Portland Transit Mall

In 2013, about 2.3 million people lived in the Portland region. Over the next 20 years, another 400,000 to 750,000 more residents are expected. To handle this influx, the region has continued to invest in transit and has expanded the light rail system to 52 miles of tracks serving 85 stations.  Keeping cars off the road alleviates traffic congestion and the need to build more freeway lanes. In 2013, TriMet estimated that bus and MAX light rail service throughout the region eliminated about 207,300 car trips every day.

The Portland Transit Mall is the heart of the region’s transit system. It exemplifies a long-standing commitment to developing a sustainable transportation system that reduces greenhouse gas emissions and meets residents’ needs, while managing the region’s growth and creating a livable future.  

Portland’s 1972 Downtown Plan created the vision for a transit mall with exclusive bus lanes and widened landscaped sidewalks. At the time, Portland had significant air pollution problems. Carbon monoxide and ozone levels exceeded air quality standards and smog hovered over Portland. Cars clogged the streets and parking lots covered entire blocks. Encouraging the increased use of mass transit, reducing reliance on the automobile and building the transit mall were key strategies for cleaning Portland’s air and meeting the city’s goals for an economically-viable and accessible downtown.

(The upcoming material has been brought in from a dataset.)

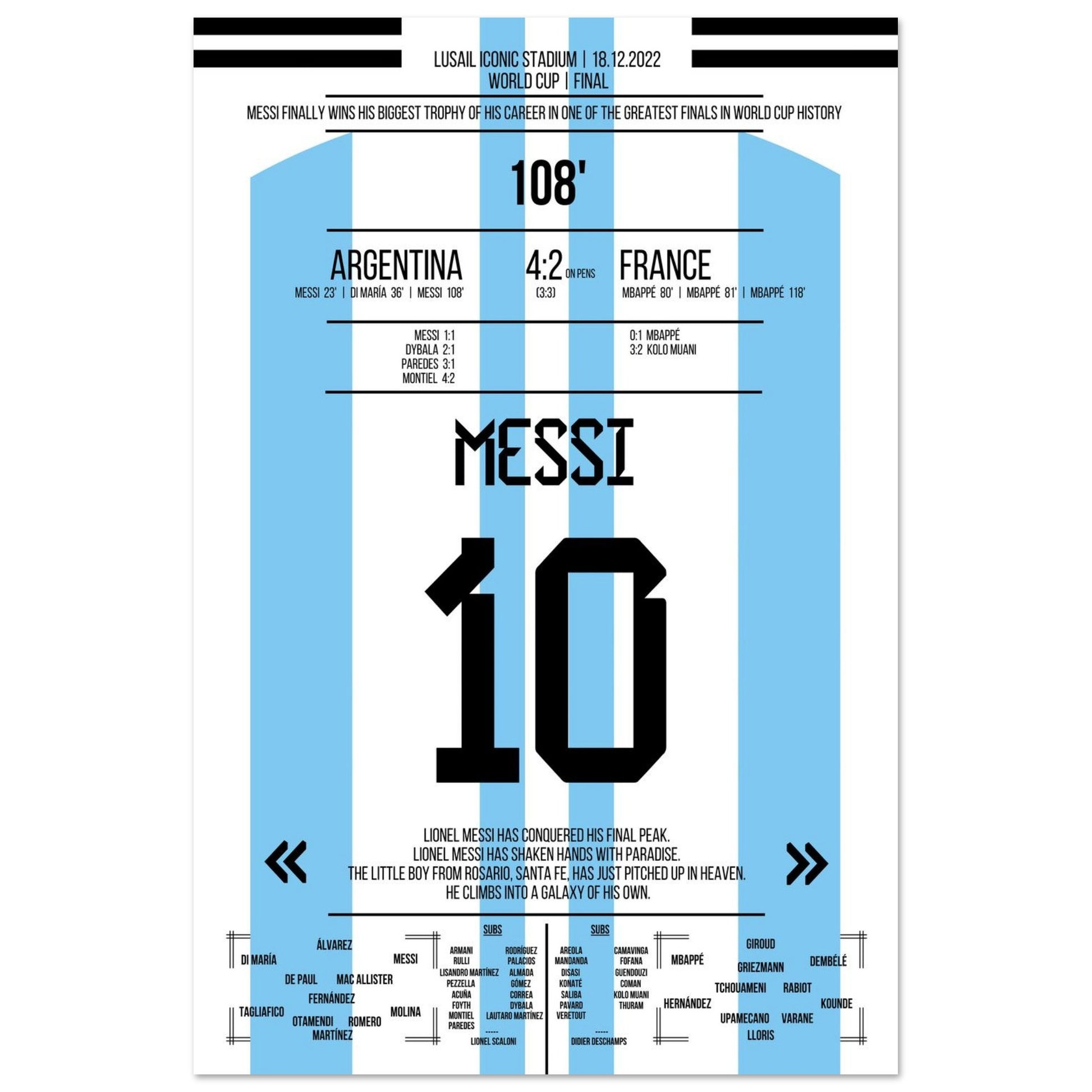 6c975c44-c80d-41e0-9b5c-aac744e7ceae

The Portland Transit Mall is a pair of one-way streets along SW 5th and SW 6th Avenues in downtown Portland that are the center of the regional transit system operated by TriMet. The mall first opened in December 1977, with bus stops serving riders traveling to and from destinations throughout the three-county region. A $220 million renovation in 2009 revitalized the transit mall, reconstructing the roadway pavement, installing new shelters, and adding MAX light rail trains.

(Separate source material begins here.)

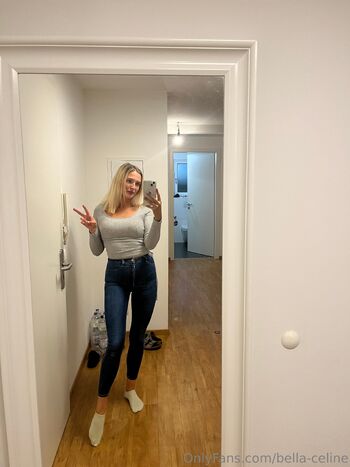 Bella Celine / bella-celine nude photo #10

Landscape architects are a key part of the design legacy of this landmark transit street. To design the original 1977 transit mall, landscape architects Lawrence Halprin & Associates joined a team led by Skidmore Owings and Merrill. For the 2009 renovation, landscape architects, architects, and urban designers from Portland design firm Zimmer Gunsul Frasca Partnership (ZGF) led the design process. The 2009 project also included landscape architecture and environmental design firm Mayer/Reed, which developed the new transit signage and landscape design; Lango Hansen, the landscape architects for the south terminus; and TriMet staff landscape architects to coordinate design and construction.